AI-Powered Minecraft Agent

Autonomous Minecraft survival agent built as three cooperating services: a Mineflayer bot on Node.js, an OpenCV screen-capture vision service on Python, and a decision layer that polls both every 5 seconds and asks a Groq-hosted LLM what to do next. Early-stage working prototype; the roadmap is making the agent smarter and adding more actions.

The Idea

An autonomous Minecraft survival agent that plays the game on its own. The core question was whether a small set of cooperating services, one for sensing, one for acting, and one for reasoning, could form a perception-decision-action loop that actually keeps a character alive in a vanilla Minecraft world.

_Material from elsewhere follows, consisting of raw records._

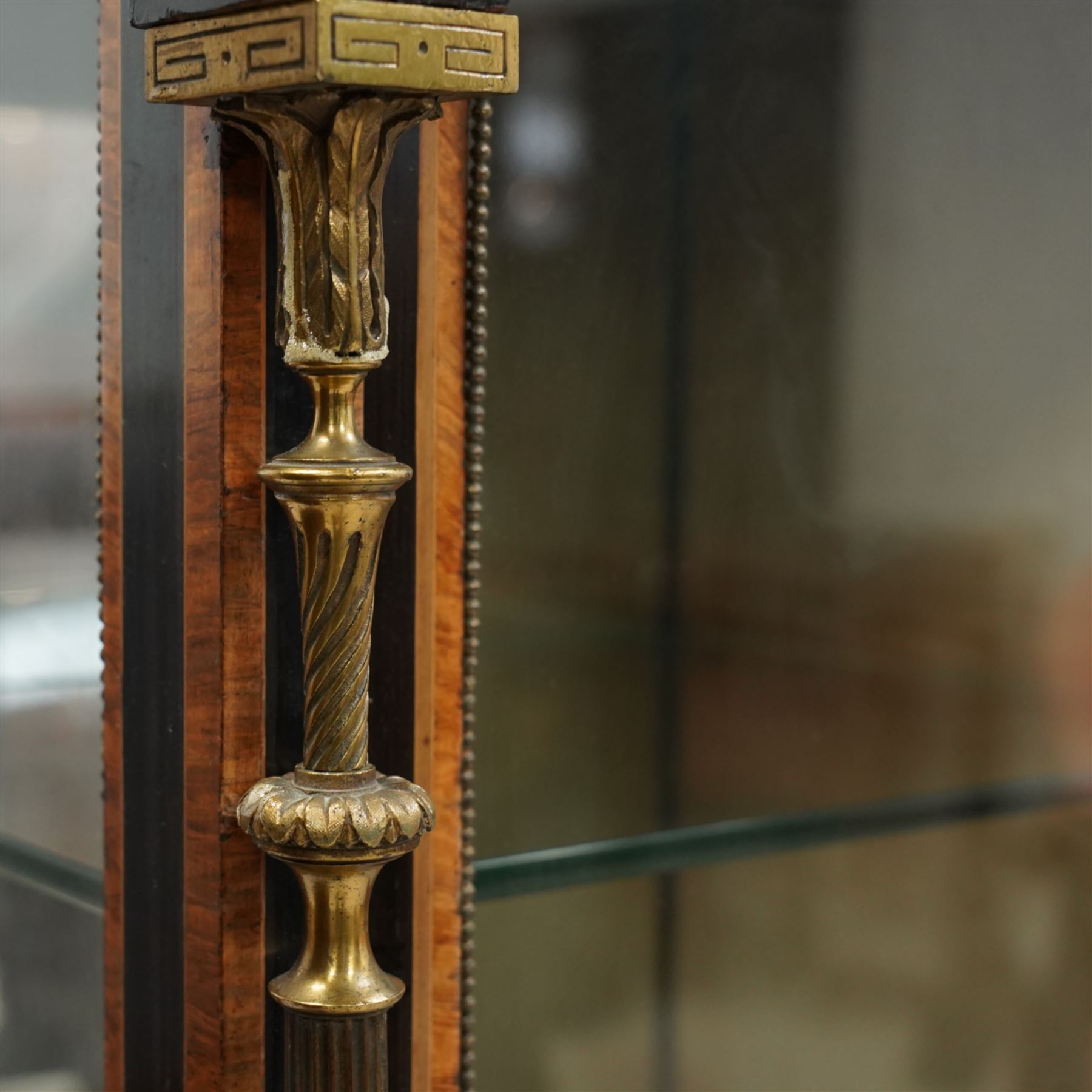 Victorian amboyna and ebonised credenza with glass top, the freeze fitted with two Wedgewood plaques and brass beading above crossbanded arched glazed mirror door flanked by two glazed cabinet doors with two removable glass shelves between four gilt brass reeded floral columns, supported on bun style feet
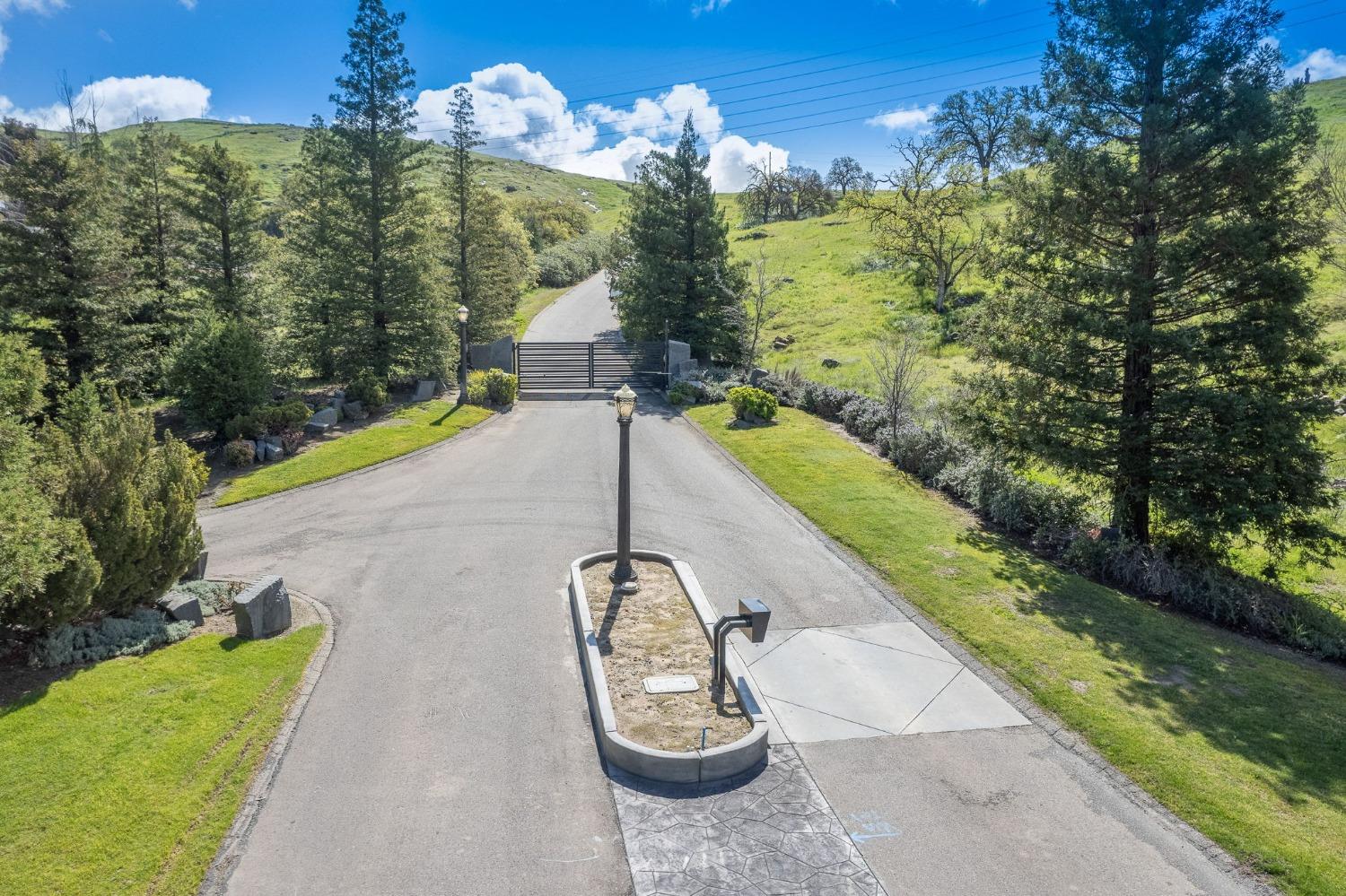 1 Summit Mountain Road Clovis, CA 93619 - Photo 11 of 13 a view of a swimming pool with a yard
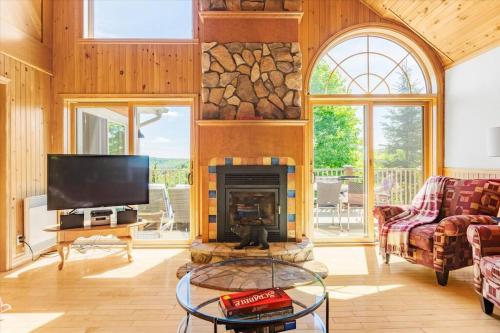 a living room with a fireplace and a tv at Le Chalet Orange in Shawinigan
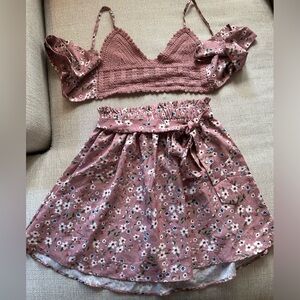 Two piece outfit with a shirt and bralette top.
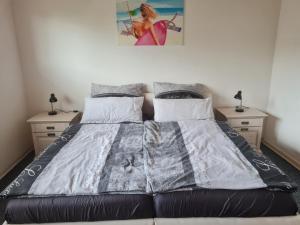 a bed in a bedroom with two night stands at Ferienwohnung Eichhörnchen in Krefeld
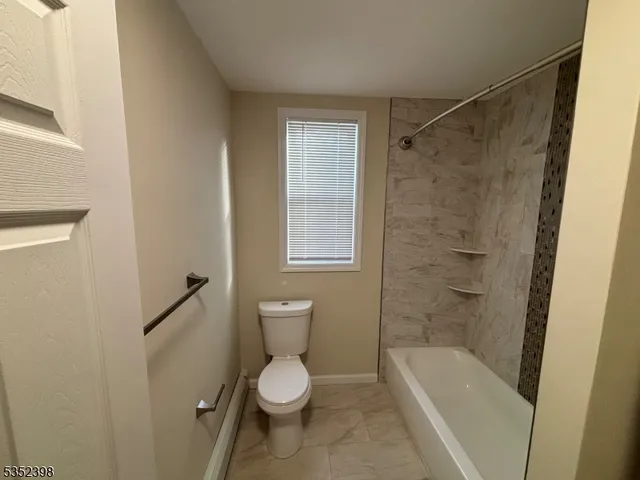 a bathroom with a toilet a sink and shower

This is an early-stage prototype. The scaffolding works end to end, the LLM decision loop is live, and the bot performs basic survival actions. The active work is expanding the agent's capabilities and making its reasoning smarter.

Architecture

Three processes run in parallel. Each one has a narrow responsibility and a small HTTP surface, which makes them easy to restart independently when something goes wrong.

Service	File	Port	Role
Bot control	mc-agent/bot.js	3000	Mineflayer bot that controls the in-game character and exposes an action API
Vision	vision.py	5000	OpenCV + MSS screen capture of the Minecraft window, exposed as a Flask API
Decision	decision.py	n/a	Polls bot + vision every 5 seconds, sends the combined state to Groq, posts the action back to the bot

The Decision Loop

decision.py hits the Mineflayer HTTP API for in-world state: position, health, hunger, nearby entities, inventory.
It hits the vision service for a screen-capture read: what is actually visible on the Minecraft window right now.
It builds a prompt that packages both views of the world plus the set of actions the agent is allowed to take.
It calls the Groq LLM (free tier, fast inference) and parses the model's chosen action.
It POSTs the action back to bot.js, which dispatches to the matching Mineflayer handler.
Five seconds later, the loop runs again.

Actions Implemented

Two reflexes run independently of the LLM: the agent auto-eats when hunger drops below 14/20, and it auto-walks to item drops after mining.

Action	Description
collect_wood	Find and mine nearby logs
explore	Move to a random nearby location
seek_shelter	Find cover, or dig an emergency hole
find_food	Hunt passive mobs or harvest crops
eat	Eat food from inventory
flee	Move away from a detected threat
idle	Wait briefly before the next decision

Key Decisions

Three separate services instead of one monolithic process. Decoupling bot control (Node + Mineflayer) from vision (Python + OpenCV) from reasoning (Python + Groq) means each piece can be restarted without bringing down the others.
Groq over OpenAI for the LLM. Groq offers fast, free-tier inference that is more than quick enough for a 5-second decision cycle.
Screen capture instead of parsing game packets. Reading the Minecraft window through MSS is much simpler than modding the protocol, at the cost of requiring the window to be visible on the primary monitor.
Vanilla 1.21.1 server with online-mode=false. Lets the bot join the local world without a premium Minecraft account, which makes iteration much faster.
Mineflayer for bot control. Mature Node.js library with full protocol support, good pathfinding primitives, and enough hooks to bolt on custom behaviors as the action set grows.

Current Limitations

Small action vocabulary. The LLM can only pick from the handful of actions currently implemented.
Vision is hardcoded to 1920x1080 for the primary monitor. It needs a per-machine config before it runs cleanly elsewhere.
No long-term memory. Each decision is made from the current state only; the agent does not remember what it was trying to accomplish a minute ago.
No threat model beyond "flee". Hostile mob detection is basic and there is no combat strategy.
Single agent. No multi-agent coordination or goal decomposition.

Next Work

Expand the action set: crafting, building, farming, combat with basic tactics.
Give the LLM a scratchpad for short-term plans and multi-step goals (build shelter before night, stockpile food before exploring).
Better vision signals: detect specific biomes, hostile mobs, resource locations from the screen capture instead of only passing raw descriptors.
Make the vision resolution and monitor selection configurable.
Structured logging of decisions and outcomes to evaluate which actions the LLM chooses well and which it does not.

Status

Early-stage working prototype. The three-service architecture is stable, the decision loop runs end to end against a vanilla 1.21.1 server, and the agent performs basic survival actions autonomously. Ongoing work is focused on expanding the action vocabulary and giving the LLM richer context to reason over.